3. The sentence scoring device according to claim 1, wherein

the keyword is a character string showing a risk.

4. The sentence scoring device according to claim 1, wherein

the hardware processor acquires a continuing period of the matter shown by the sentence based on a creation history of another sentence showing a matter that is the same as the matter shown by the sentence.

5. The sentence scoring device according to claim 1, wherein

the hardware processor determines whether or not the matter identified by the hardware processor is a matter that has been completed in the past, and

when the hardware processor determines that the matter shown by the sentence is a matter that has been completed in the past, the hardware processor acquires a continuing period from recurrence of the matter after the completion as a continuing period of the matter.

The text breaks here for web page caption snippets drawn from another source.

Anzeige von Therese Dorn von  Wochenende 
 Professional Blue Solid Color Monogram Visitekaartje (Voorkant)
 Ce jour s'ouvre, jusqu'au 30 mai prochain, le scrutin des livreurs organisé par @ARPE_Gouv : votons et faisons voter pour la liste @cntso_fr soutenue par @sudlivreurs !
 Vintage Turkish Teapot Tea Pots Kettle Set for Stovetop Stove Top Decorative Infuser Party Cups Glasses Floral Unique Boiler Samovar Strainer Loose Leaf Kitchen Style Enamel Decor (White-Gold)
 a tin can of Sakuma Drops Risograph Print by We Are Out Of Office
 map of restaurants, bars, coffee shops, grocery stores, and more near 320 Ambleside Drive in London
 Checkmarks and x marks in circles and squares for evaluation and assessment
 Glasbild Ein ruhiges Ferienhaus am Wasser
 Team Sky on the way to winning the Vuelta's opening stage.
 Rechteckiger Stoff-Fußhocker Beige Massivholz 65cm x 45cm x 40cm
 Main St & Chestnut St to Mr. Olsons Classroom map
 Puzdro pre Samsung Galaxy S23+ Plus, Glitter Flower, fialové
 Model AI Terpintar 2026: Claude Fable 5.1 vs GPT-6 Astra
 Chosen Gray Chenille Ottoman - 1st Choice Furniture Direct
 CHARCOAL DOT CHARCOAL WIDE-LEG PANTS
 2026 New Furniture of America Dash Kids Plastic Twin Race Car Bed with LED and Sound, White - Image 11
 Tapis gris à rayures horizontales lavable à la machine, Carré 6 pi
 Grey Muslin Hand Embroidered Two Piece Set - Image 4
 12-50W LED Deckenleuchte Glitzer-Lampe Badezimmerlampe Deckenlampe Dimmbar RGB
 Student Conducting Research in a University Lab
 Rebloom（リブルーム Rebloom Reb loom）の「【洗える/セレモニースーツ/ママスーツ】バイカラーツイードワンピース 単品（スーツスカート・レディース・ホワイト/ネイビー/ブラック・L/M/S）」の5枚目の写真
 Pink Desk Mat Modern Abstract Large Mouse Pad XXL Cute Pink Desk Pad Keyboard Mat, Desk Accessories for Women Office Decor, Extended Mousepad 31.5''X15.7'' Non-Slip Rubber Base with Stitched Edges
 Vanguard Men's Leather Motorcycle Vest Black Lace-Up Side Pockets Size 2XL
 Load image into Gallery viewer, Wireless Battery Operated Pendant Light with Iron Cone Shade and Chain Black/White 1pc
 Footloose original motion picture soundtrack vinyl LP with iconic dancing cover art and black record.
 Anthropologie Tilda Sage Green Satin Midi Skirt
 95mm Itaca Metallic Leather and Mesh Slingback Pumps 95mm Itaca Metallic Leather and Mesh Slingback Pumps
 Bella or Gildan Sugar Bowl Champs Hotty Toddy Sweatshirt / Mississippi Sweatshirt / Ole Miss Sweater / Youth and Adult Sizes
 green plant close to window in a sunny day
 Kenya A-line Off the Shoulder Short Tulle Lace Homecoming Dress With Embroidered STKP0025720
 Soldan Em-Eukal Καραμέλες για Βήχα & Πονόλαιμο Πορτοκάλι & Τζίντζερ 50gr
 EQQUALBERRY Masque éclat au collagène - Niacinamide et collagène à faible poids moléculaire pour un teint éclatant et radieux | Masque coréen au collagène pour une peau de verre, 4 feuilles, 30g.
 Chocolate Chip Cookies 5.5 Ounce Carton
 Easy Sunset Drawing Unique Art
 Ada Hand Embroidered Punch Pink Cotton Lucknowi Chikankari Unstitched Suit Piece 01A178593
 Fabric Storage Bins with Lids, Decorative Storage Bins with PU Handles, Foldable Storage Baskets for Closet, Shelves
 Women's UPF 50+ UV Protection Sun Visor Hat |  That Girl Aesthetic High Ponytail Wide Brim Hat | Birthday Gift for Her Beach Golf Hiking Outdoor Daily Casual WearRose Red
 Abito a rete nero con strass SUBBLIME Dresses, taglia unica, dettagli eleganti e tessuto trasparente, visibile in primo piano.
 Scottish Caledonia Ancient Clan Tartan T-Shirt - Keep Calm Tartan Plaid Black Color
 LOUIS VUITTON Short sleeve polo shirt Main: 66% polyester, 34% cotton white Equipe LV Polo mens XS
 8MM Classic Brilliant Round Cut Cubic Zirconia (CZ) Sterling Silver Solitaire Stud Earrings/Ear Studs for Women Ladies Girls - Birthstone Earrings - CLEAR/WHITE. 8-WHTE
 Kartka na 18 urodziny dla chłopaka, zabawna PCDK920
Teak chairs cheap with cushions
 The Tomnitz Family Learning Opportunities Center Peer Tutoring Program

6. The sentence scoring device according to claim 1, wherein the document has a layer structure, and

the hardware processor derives a third weighting value corresponding to a title of a layer higher than or equal to a layer to which a sentence extracted by the hardware processor relates, and sets a weighting value of the sentence based on the first weighting value, the second weighting value, and the third weighting value.

7. The sentence scoring device according to claim 6, wherein

the title includes at least any one of “product name”, “project name”, “theme name”, “phase”, “negotiation name”, “department name”, “information of person in charge”, and “date of creation”.

8. The sentence scoring device according to claim 6, wherein

when there is a plurality of titles on the same layer, the hardware processor derives the third weighting value based on a weighting value set to each of the titles in advance.

9. A non-transitory recording medium storing a computer readable program causing an information processor to operate as the sentence scoring device according to claim 1.